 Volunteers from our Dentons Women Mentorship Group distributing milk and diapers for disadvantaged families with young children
┄┄┄┄┄┄┄┄┄┄┄┄┄┄┄┄┄┄┄┄
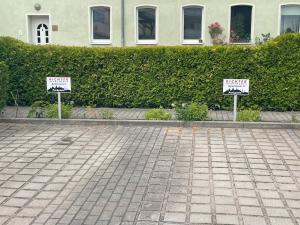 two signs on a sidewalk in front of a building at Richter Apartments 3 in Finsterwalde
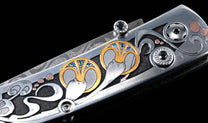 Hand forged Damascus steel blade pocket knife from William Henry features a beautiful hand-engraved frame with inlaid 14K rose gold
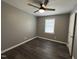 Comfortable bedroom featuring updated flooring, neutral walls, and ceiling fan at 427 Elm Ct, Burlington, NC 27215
┄┄┄┄┄┄┄┄┄┄┄┄┄┄┄┄┄┄┄┄
_Directions_
With the pictures omitted, restate word for word the lines above from the line that has "two signs on" up to and including the line that has "Comfortable bedroom featuring", and no other lines.

_Answer to the exercise_
 two signs on a sidewalk in front of a building at Richter Apartments 3 in Finsterwalde
 Hand forged Damascus steel blade pocket knife from William Henry features a beautiful hand-engraved frame with inlaid 14K rose gold
 Comfortable bedroom featuring updated flooring, neutral walls, and ceiling fan at 427 Elm Ct, Burlington, NC 27215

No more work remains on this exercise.